Lord Aleister Chamber, mejor conocido como el Vizconde Druitt miraba a la despampanante criatura enfrente suyo; incapaz de creer que algo tan hermoso pudiera pertenecer a este mundo.
Había amado a muchas mujeres y a algún que otro hombre pero siempre esa divinidad estaba en su mente. Siempre. En aquellos bailes nocturnos en Londres, en sus momentos más apasionados con sus amantes, incluso cuando realizaba sus chanchullos de dudosa legalidad, siempre estaba ahí para él.

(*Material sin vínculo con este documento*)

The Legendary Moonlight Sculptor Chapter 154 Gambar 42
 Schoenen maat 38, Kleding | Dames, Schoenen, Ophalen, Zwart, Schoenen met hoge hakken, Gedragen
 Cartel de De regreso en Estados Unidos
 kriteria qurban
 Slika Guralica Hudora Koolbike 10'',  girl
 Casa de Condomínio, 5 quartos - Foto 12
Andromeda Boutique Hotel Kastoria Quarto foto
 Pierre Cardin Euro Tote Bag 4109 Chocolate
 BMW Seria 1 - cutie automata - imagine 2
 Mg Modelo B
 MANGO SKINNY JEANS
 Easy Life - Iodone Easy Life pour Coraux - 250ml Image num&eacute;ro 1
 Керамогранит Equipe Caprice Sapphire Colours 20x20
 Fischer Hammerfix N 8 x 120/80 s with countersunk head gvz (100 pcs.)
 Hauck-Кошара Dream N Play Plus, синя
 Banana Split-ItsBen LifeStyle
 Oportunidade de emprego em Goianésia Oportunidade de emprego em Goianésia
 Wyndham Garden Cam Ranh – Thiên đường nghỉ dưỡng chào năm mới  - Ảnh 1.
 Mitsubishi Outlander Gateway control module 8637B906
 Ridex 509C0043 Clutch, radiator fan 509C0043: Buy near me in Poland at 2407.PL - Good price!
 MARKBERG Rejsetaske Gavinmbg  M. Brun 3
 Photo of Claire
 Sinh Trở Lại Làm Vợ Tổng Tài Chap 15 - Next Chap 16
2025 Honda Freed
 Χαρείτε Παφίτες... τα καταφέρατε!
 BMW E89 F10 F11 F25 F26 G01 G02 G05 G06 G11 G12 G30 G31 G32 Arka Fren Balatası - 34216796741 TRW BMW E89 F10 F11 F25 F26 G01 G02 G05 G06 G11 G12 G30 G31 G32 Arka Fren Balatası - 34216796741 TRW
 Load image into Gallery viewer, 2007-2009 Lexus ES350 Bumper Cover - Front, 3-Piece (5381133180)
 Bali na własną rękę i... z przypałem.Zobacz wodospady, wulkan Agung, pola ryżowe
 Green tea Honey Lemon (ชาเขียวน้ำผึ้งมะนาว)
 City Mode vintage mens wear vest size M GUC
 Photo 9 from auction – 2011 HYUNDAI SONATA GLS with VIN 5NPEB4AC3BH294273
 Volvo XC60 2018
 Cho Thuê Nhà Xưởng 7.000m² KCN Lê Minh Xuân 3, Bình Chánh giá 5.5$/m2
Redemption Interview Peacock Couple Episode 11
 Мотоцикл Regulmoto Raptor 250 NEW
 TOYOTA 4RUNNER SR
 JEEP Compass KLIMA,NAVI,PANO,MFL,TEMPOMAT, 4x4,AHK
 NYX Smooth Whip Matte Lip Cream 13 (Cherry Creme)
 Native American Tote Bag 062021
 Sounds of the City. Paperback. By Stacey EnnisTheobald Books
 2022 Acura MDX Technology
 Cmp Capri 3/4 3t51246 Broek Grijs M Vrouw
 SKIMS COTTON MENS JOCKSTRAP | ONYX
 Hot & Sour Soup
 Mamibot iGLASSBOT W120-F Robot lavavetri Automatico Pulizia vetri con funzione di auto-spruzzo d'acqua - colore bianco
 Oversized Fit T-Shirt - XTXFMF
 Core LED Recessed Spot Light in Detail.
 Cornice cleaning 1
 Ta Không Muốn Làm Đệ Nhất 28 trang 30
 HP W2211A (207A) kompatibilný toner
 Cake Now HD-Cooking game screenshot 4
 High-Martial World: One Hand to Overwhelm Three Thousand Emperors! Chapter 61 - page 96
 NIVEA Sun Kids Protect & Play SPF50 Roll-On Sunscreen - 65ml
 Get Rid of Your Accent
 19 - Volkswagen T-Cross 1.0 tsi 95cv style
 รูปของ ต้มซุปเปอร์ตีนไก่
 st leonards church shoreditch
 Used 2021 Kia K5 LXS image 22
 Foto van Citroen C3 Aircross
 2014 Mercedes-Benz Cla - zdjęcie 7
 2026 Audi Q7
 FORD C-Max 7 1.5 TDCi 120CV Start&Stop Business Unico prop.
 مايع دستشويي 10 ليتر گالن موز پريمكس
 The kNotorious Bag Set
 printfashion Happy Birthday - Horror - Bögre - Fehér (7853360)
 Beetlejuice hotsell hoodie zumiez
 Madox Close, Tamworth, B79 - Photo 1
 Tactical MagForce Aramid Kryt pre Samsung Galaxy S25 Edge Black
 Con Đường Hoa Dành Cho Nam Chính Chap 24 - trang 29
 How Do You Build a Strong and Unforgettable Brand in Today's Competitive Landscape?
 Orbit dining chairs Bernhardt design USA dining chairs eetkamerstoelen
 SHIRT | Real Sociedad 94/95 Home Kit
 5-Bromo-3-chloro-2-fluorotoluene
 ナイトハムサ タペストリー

Era el amante que le hacía llegar al Paraíso en cualquier momento y lugar. Era el confidente siempre dispuesto a escuchar con embelesada atención cada palabra salida de sus labios. No era su “media naranja”, era literalmente su carne y sangre, esa parte indivisible de su ser a la que no podía más que adorar…
Especialmente cuando había un espejo cerca. Como en ese instante, en los confines de su alcoba.
Era el pináculo de la perfección y cada parte de su cuerpo lo evidenciaba. Su larga y sedosa cabellera rubia, su rostro de muñeca de porcelana, sus maravillosos ojos color lavanda, sus perfectos dientes como perlas y su esbelta figura, antes enmarcada en un caro traje blanco que en esos momentos yacía en el suelo revelando toda su gloriosa hermosura.En definitiva, un regalo de Dios.
Su madre siempre le había dicho que para amar a otros primero tenía que amarse a sí mismo. Y él se preguntaba ¿para qué amar a otros cuando te tienes a ti mismo?
N.A: Si, el Vizconde es autofílico. Y algo de razón tiene ¿quien te va a querer más que tu mismo?